The final night of the St. James’ Church recordings and it’s possibly the best of the lot. We begin with an unknown which we quickly want to find out more about. Ben Howard is an English singer songwriter recently signed to Communion Records (and now Island Records). Home to a slew of interesting folk artists like Michael Kiwanuka, Daughter and Matthew & The Atlas, Communion has become a mark of quality of late. Howard is no different. The surfer acoustic singer songwriter carries with it negative connotations these days but Howard is a way more interesting proposition than many of that ilk. His woolen voice is set against a folk sound that has a dark edge to it as heard on set standout ‘Black Flies’.
The second Dingle welcome of the night goes to a band that have already proved themselves as considerable talents over three albums. Wild Beasts’ latest album Smother is their most masterful of the three to date and the entire set is drawn from it in St. James’ Church.
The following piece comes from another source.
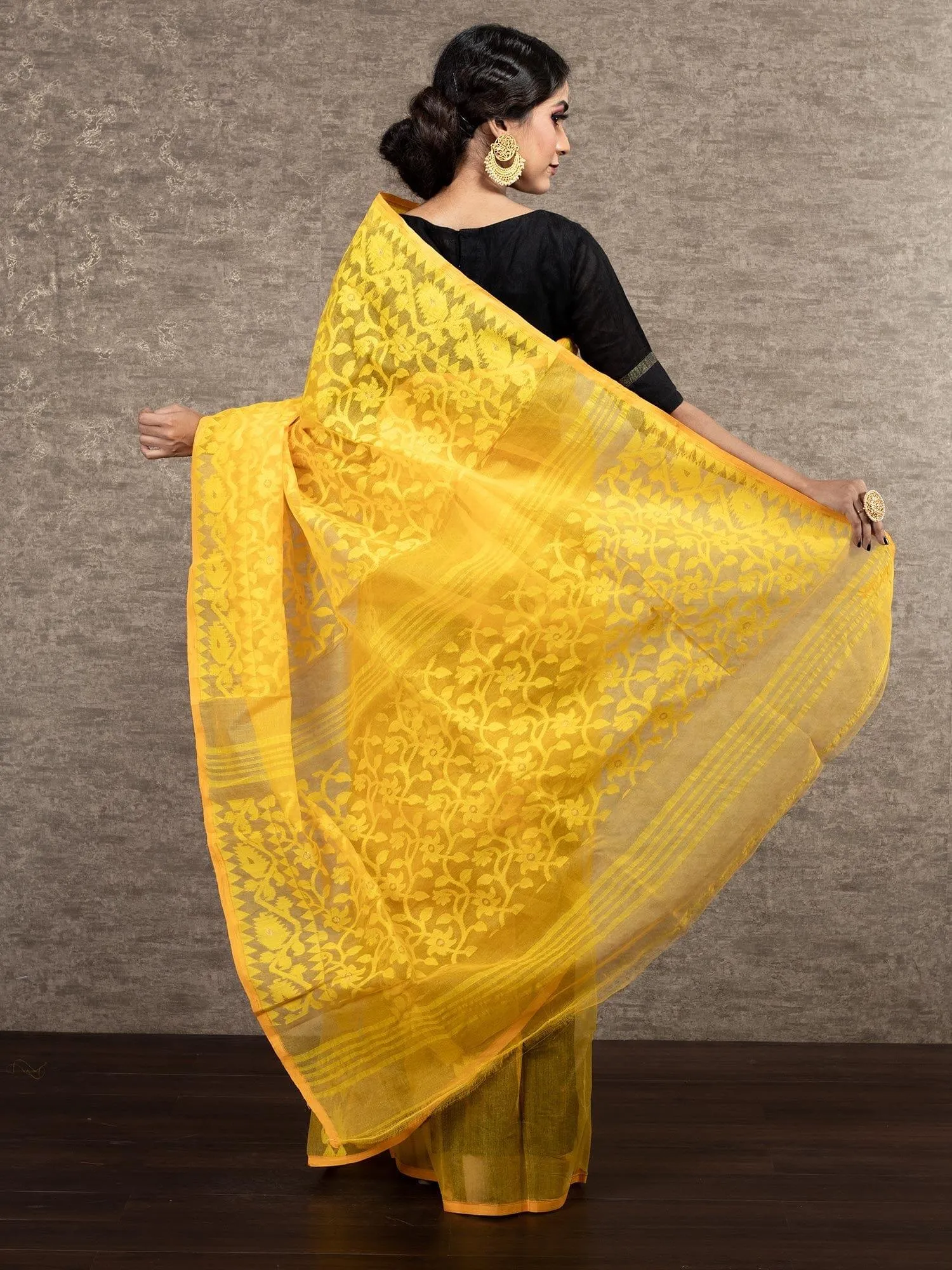 Elegant Yellow Stif Dhakai Jamdani Saree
The setting being as intimate as it is, the lights being so much brighter than regular gigs due to the TV recordings, there is nowhere to hide. If a band aren’t up for the challenge, they’ll soon be found out. The Cumbrian band have no such worries. It’s rare to see a band so locked in to their music, so comfortable and talented and knowing about their playing, that they instantly create a magical atmosphere, taking advantage of the reverence that the church affords. The set is taken from the first eight tracks on Smother performed in order (Watch the entire set at The Guardian) While the songs are great ( ‘Lion’s Share’ , ‘Bed Of Nails’, ‘Albatross’ and ‘Plaything’ in particular if pushed) the performance is magnetising. There’s a sprawling sound to Wild Beasts that they create with such control. Hayden Thorpe’s voice is so much less dramatic and jerky than it used to be, his operatic tones smoothed out with texture. Watching him lunge around the stage as if waltzing with an invisible ghost is a highlight while the band’s secret weapon, their drummer Chris Talbot makes excellent use of two bongos on his kit to produce unique rhythms. Wild Beasts are easily one of the most important AND interesting bands around if this set is anything to go by.
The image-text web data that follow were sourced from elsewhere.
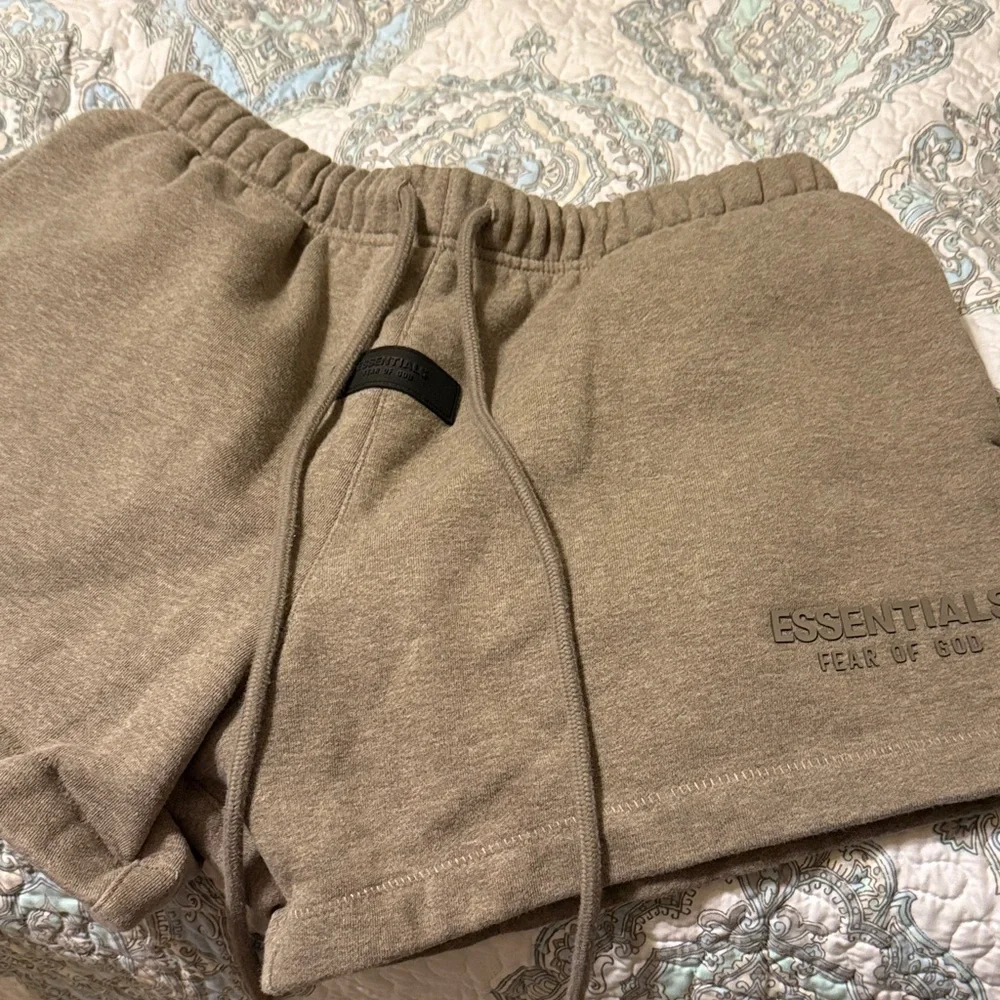 FOG Essentials Tan Sweatshort - Picture 1 of 1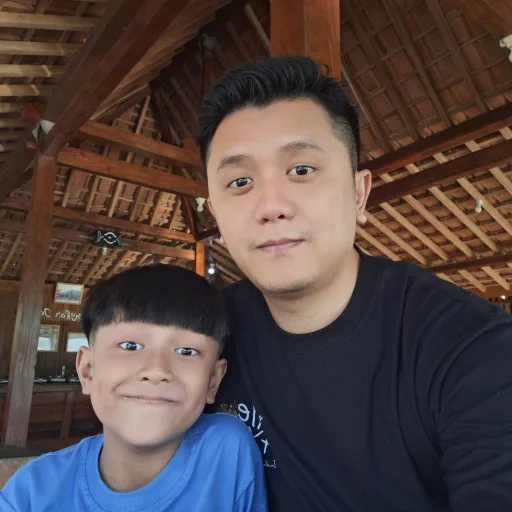 Adam Raziq Elian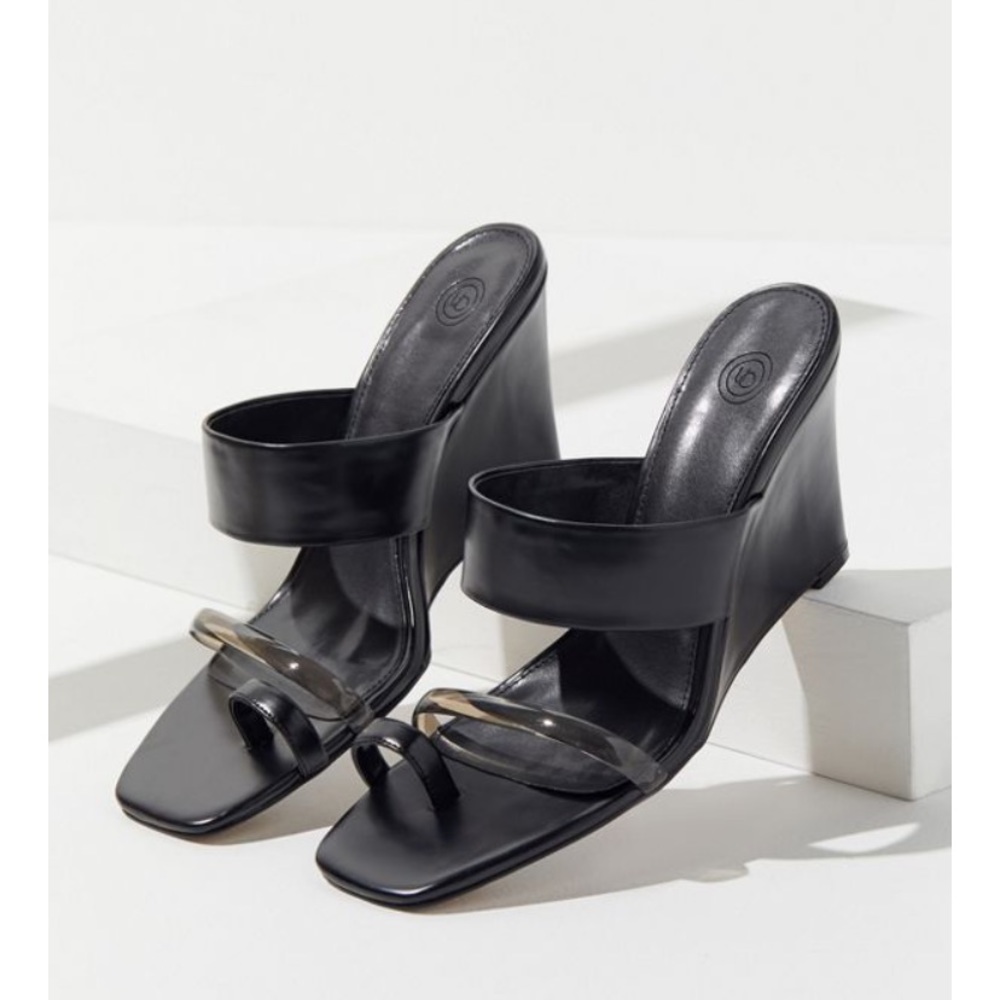 Black Wedge Heels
By contrast, Spiritualized’s set consists almost entirely of songs from a forthcoming LP due in February that no one has yet heard. Project main man Jason Pierce has spoken of it as his attempt to make a pop album but there’ll be no three minute ditties here. As is standard for most of the Spiritualized back catalogue the songs are sometimes elongated by guitar and psychedelic freak outs but at their core they are based on simple ideas. Bluesy guitar riffs, organ, gospel style backing singers, three guitarists, drummer and Pierce holding court on his stool facing the band is how it looks and sounds. The lyrics of the new songs are soul and gospel inspired as ever with songs about a girl called Mary, talk of souls bring saved and the connection to Pierce’s old band Spacemen 3 is clear when the band finish with ‘Take Me To The Other Side’. You can watch ‘Hey Jane’ and ‘So Long Pretty Things’ via The Guardian.
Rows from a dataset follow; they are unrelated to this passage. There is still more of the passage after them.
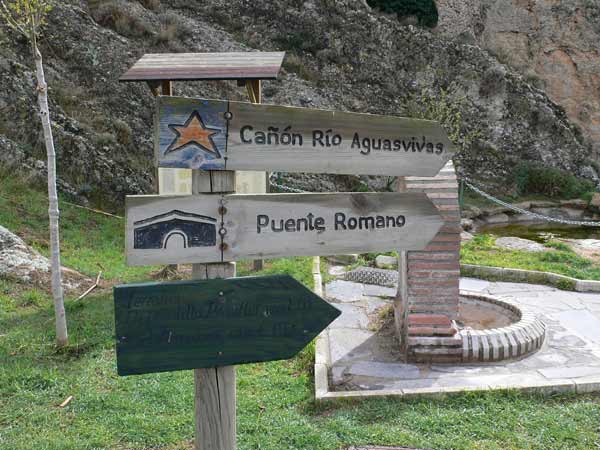 Indicadores a zonas de escalada y vía ferrata 
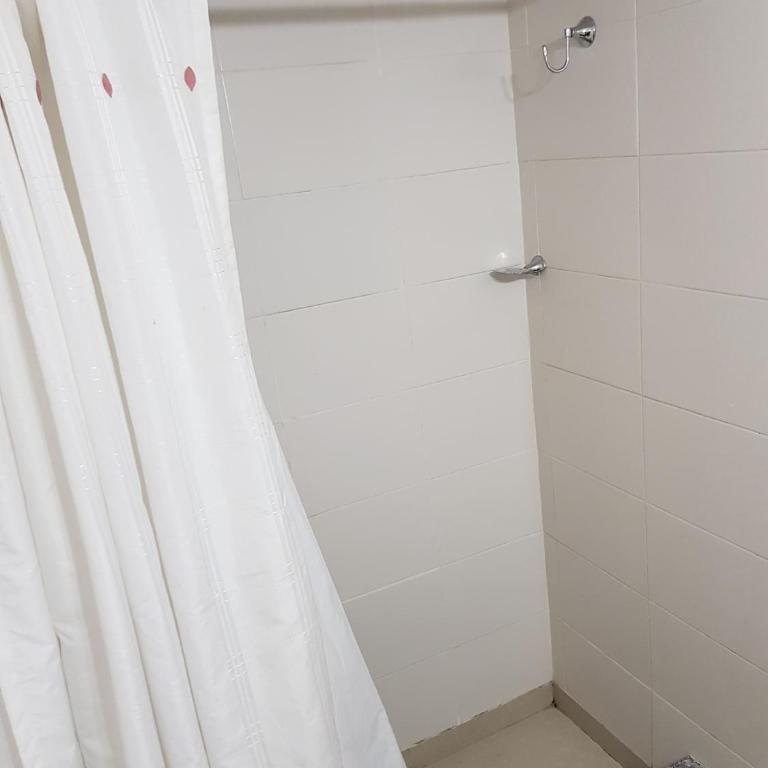Monoambiente con balcón y cochera privada - TV 50" 4K y Sonido DTS-5'1 - Apartamento de 1 dormitorio - 28
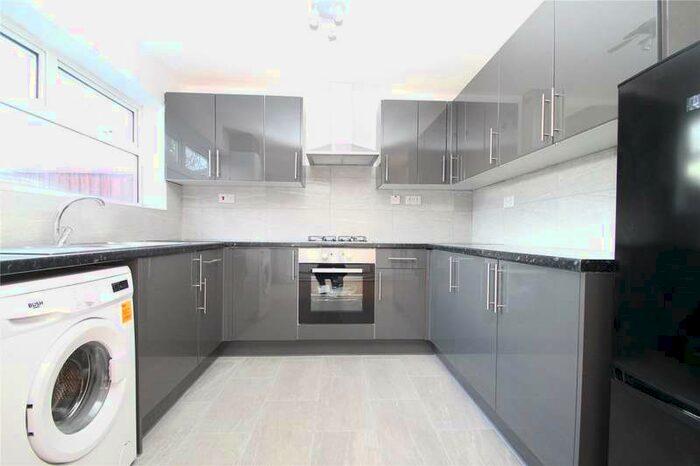 3 Bedroom Terraced House To Rent In Petworth Way, Hornchurch, RM12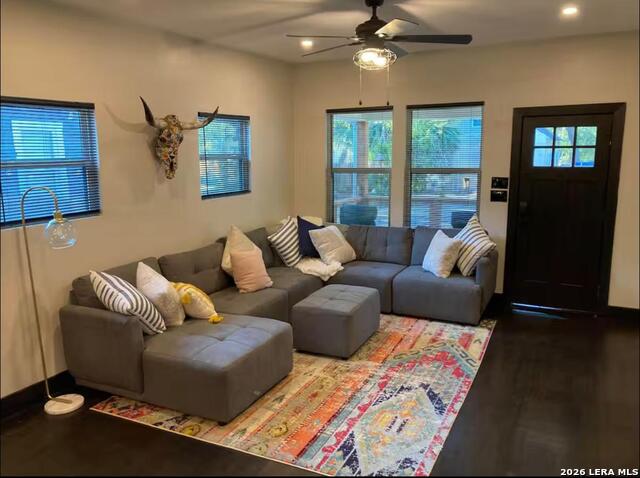 Image 5 of 12 For 301 E Woodlawn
The penultimate set of Other Voices 10 is also the one that looks to be the most divisive on paper. SBTRKT’s self-titled debut album this year confirmed a electronic subgenre-shifting talent in Aaron Jerome but would it really in a church?
The answer was very quickly established as yes. Easily. Running a trail between post-dubstep, soul, house and synth-based rhythms, the set was an upbeat danceable one. The collection of equipment on the table means there’s plenty of knob twiddling but Jerome regularly jumps from the table to the drums beside it. The other truly live aspect is Sampha, the singer who has joined SBTKRT both live and on record. His soul-filled voice keeps to the spirit of the festival as well as twisting, turning and leading on songs like ‘Right Thing To Do’ and ‘The Coldest Stare’ both of which end in a tropical dub workout. Without Little Dragon singer Yukimi Nagano present to sing ‘Wildfire’, the pair use her voice as a workout point for big drum rhythms and synth additions. It may have been seating in the church but there was plenty of pew dancing and head nodding. For many people who were previously unaware, SBTRKT was the surprise set of the weekend.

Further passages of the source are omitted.